The emissions of all New York State crematories are regulated by the Department of Environmental Conservation (DEC). Crematories are required to maintain a maintenance report which is submitted to the DEC and to the Division of Cemeteries.
- Is Embalming Necessary?
No, embalming is not required by New York State Law; however, depending on the type of memorial service chosen, the individual funeral firm may require it.
- Is a Casket Necessary?
No, there is no requirement that a casket be used, however remains must be obscured from public view while transported. New York regulation does require that remains are delivered to a crematory in a leak-proof, rigid, combustible container that completely encloses the human remains. There are many suitable containers available in the industry.
- What options are available if I choose cremation?
You can choose direct cremation which means that there would be no viewing of the body and no embalming or other preparation of the remains. You could still have a memorial service at your place of choosing, some crematories have a room available for memorial services.
If you do not choose direct cremation, the body would be prepared as it would be for any funeral service. You may request that the body be displayed in a ceremonial casket which usually can be rented. After the memorial service is completed, the remains would be moved to a container suitable for cremation and then delivered to the crematory for processing.
- If I choose cremation can my family view the procedure?
Most crematories will allow family viewing of the placement of the deceased in the cremation unit and the starting of the cremation process.
- What are the cremated remains put in after cremation?
The cremated remains are placed in a temporary container after cremation. Typically the crematory will put the remains in a heavy duty plastic bag which is then put into a rigid cardboard container. In most cases the cremated remains are delivered in one sealed and labeled container along with a cremation certificate which provides the name of the decedent, date of cremation and the place of cremation.

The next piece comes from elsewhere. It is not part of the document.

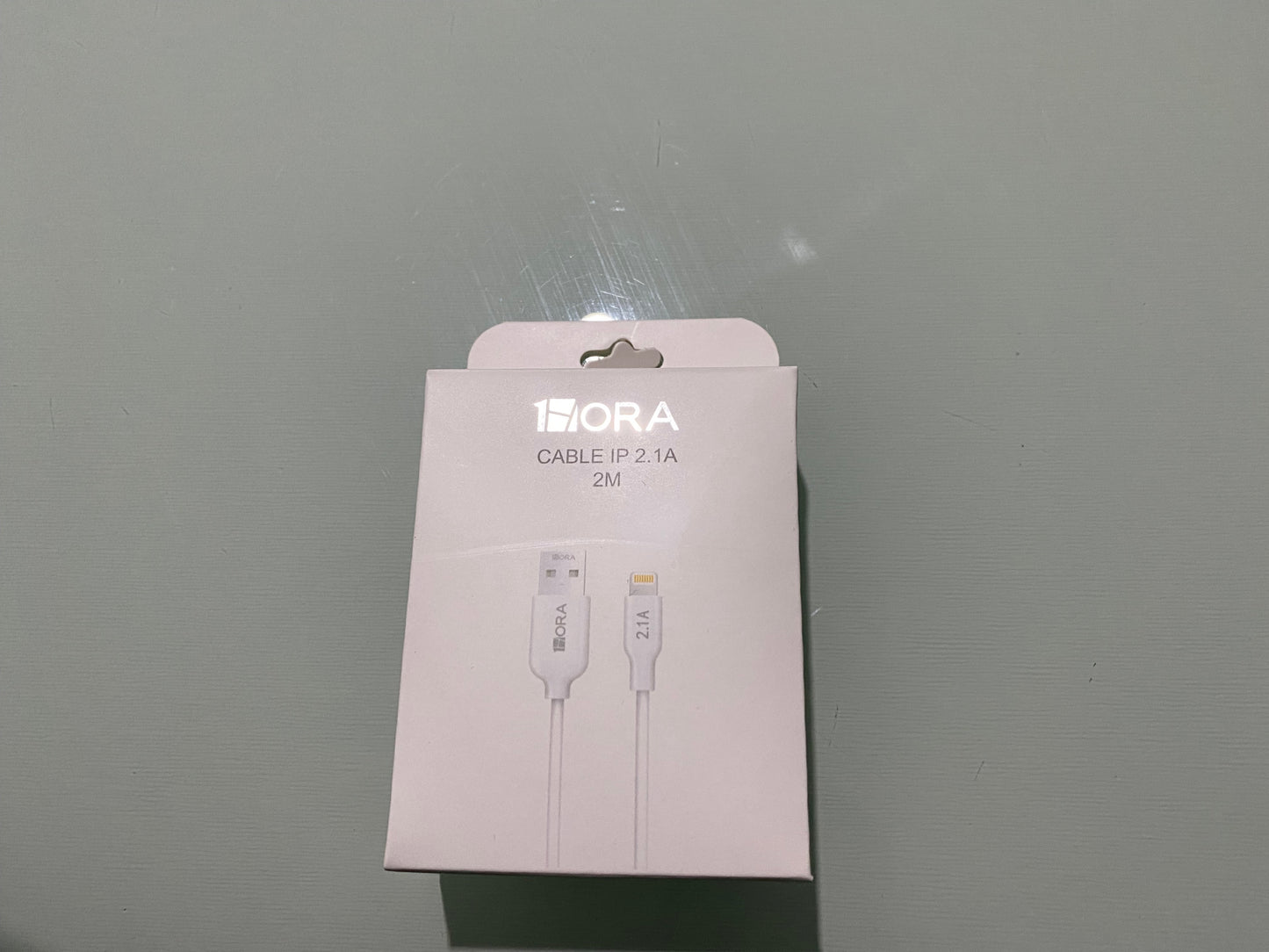 .Geekienda - gadget cable de corriente lightning para iphone compatible hasta iPhone 14- marca 1HORA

- Do I need to purchase another Urn?
No, however, you may desire to purchase a formal container for display or interment. There are many types available ranging from keepsakes to companion urns. They come in many shapes and sizes and can be made from many different materials such as bronze, marble, concrete, wood, or glass.
- What do I do with the cremated remains after I receive them back from the crematory?

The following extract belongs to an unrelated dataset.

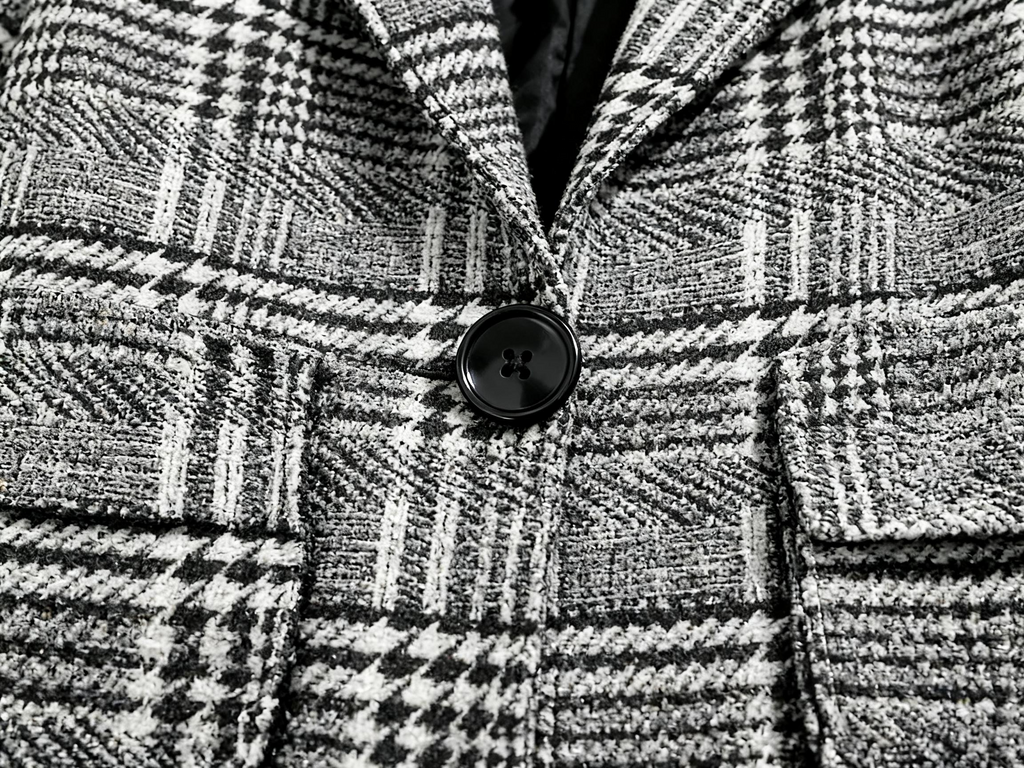 Men's Plaid Trench Coat - Timeless Sophistication & Modern Versatility for Every Occasion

Final arrangements for cremated remains may take many forms. One option is burial of the cremated remains in a cemetery. Another option is placing the remains in an above ground niche or columbarium. The niches usually have a solid or glass front on which the name and dates of birth and death may be engraved. Some cemeteries also have a scattering area for cremated remains. If a cemetery will be used for permanent disposition, you should first consult the cemetery’s Rules and Regulations to see what is or is not permitted.
Another alternative is to keep the remains at home. In this case, the person keeping the remains should plan for where the remains will go after he or she dies.
A third alternative is to scatter the remains at sea or on private grounds with the permission of the landowner. Scattering on public land may be prohibited or may be allowed only by written permit. You must check with the appropriate authority before scattering cremated remains.
- I already have a grave at the cemetery, how many cremations are allowed in a grave?
Before purchasing an urn, companion urn or memorial it is most important to contact the individual cemetery to avoid disappointment and confusion. Each cemetery has its own rules and regulations regarding how many interments are allowed in a grave or lot and how a burial may be memorialized. You should contact the cemetery directly to discuss the options that are available. You should also inquire about the fees charged by a cemetery for interment of and memorialization of cremated remains. Many cemeteries need to know at the time the lot is purchased whether cremation interments are anticipated.